Oppression Claims Against Majority Shareholders Not Ground To Wind Up Company: NCLT Mumbai
The National Company Law Tribunal (NCLT) at Mumbai has dismissed a winding up plea against Nissan Motor India's former sales and distribution partner Hover Automotive India Pvt Ltd, holding that allegations of oppression by majority shareholders cannot justify liquidation when alternative remedies exist under the Companies Act. A coram of Judicial Member Sushil Mahadeorao Kochey and...

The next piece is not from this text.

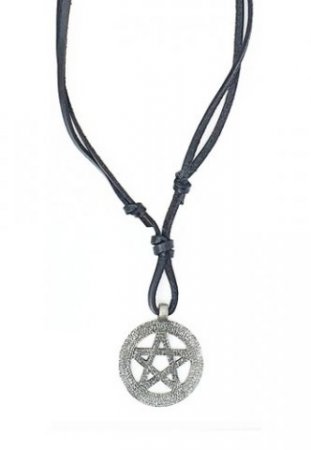 3. San Marco Star Shoot Necklace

The National Company Law Tribunal (NCLT) at Mumbai has dismissed a winding up plea against Nissan Motor India's former sales and distribution partner Hover Automotive India Pvt Ltd, holding that allegations of oppression by majority shareholders cannot justify liquidation when alternative remedies exist under the Companies Act.
A coram of Judicial Member Sushil Mahadeorao Kochey and Technical Member Prabhat Kumar passed the order on December 11, 2025, while rejecting a petition filed by minority shareholder Gurinder Mohan Singh Nindrajog. The tribunal reiterated that winding up is a remedy of last resort and cannot be invoked to resolve shareholder disputes.
The tribunal held that complaints of exclusion from management, deadlock and loss of confidence must be pursued under the statutory mechanism for oppression and mismanagement.
“As regards contention that there is complete loss of trust, deadlock, lack of probity, and oppressive conduct by the Majority Shareholders, making it impossible for the partnership like relationship to continue, the provisions in relation to section 241-242 of the Companies Act, 2013 contain efficacious alternate remedy and this cannot be made ground to order winding up as in our considered view no dead lock can be said to exist in the present facts of the case. ,” the tribunal said.
Hover Automotive was incorporated on April 3, 2008 as a joint venture between the Nindrajog and the majority shareholders, who together hold about 73 percent of the equity. He, a promoter and minority shareholder, holds around 27 percent.
He alleged that he was forced to resign from management in February 2013 and was thereafter excluded from decision-making. He claimed that key decisions were taken unilaterally by the majority shareholders and that funds were siphoned off.
The petitioner also argued that the company lost its business purpose after the termination of its Nissan distribution agreement in February 2014. On this basis, he contended that Hover Automotive had “lost its substratum” and could no longer function as a viable company.
He further raised grievances relating to rights issues and the alleged diversion of proceeds arising from arbitration proceedings between Hover Automotive and Nissan.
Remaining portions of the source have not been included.